Demonstrate that employees understand how to report information security events through defined channels and that the organization actively promotes and facilitates such reporting.
Description
What this control does
This control ensures that employees are trained and equipped with clear procedures to report information security events, incidents, weaknesses, and potential threats through established channels. Organizations must provide accessible reporting mechanisms (e.g., email aliases, ticketing systems, hotlines), communicate them regularly through training and awareness campaigns, and create a no-blame culture that actively encourages timely reporting. Effective incident reporting reduces detection-to-response time and prevents minor events from escalating into major breaches.
Control objective
What auditing this proves
Demonstrate that employees understand how to report information security events through defined channels and that the organization actively promotes and facilitates such reporting.
Associated risks
Risks this control addresses
- Delayed incident detection and response due to employees failing to recognize or report suspicious activities
- Security events escalating into major breaches because staff do not know whom to contact or how to escalate
- Fear of reprisal discouraging employees from reporting security mistakes or policy violations, hiding critical intelligence
- Inconsistent or ad-hoc reporting pathways causing loss of event data and preventing trend analysis
- External attackers exploiting social engineering or phishing because employees lack confidence in reporting suspicious communications
- Insider threats going undetected when colleagues observe anomalous behavior but have no clear reporting mechanism
- Regulatory non-compliance due to unreported data breaches or security incidents exceeding mandated notification windows
Testing procedure
How an auditor verifies this control
- Obtain and review the organization's information security event reporting policy, procedure, and any published guidance materials or job aids.
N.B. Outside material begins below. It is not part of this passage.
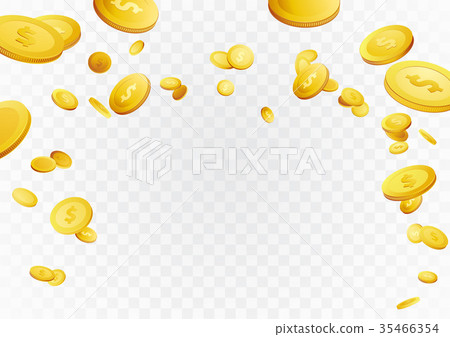 Fortune golden dollar coin fly reward background 35466354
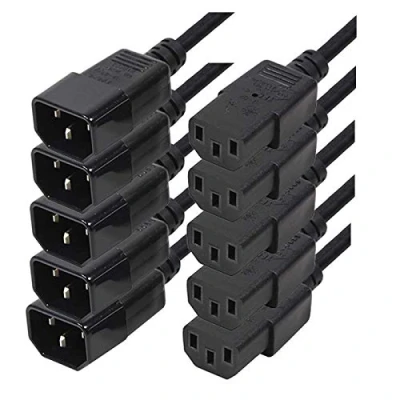 Afbeelding van Faconet® Computer Power Kabel Verlengstuk 1,8 m (5 stuks) verlenging Voedingsaansluiting met meter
- Interview a stratified sample of employees across different departments and seniority levels to assess their knowledge of reporting channels, contact points, and what constitutes a reportable event.
- Review security awareness training materials and records to confirm that incident reporting procedures, channels, and examples are explicitly covered in onboarding and periodic refresher training.
- Examine internal communications (intranet postings, newsletters, posters, email campaigns) from the past 12 months for evidence of active promotion and reminders about incident reporting.
- Request and analyze incident management system logs or ticketing records to verify that reports are being received from non-IT staff, demonstrating awareness and willingness to report.
- Conduct a simulated phishing or social engineering exercise and observe whether recipients report the test event through official channels within a reasonable timeframe.
- Review the organization's disciplinary and HR policies to confirm the existence of a no-blame or just culture statement that protects good-faith reporters from punitive action.
- Verify that reporting mechanisms are accessible and user-friendly by testing each channel (e.g., submitting a test report via email alias, web form, or hotline) and confirming receipt acknowledgment.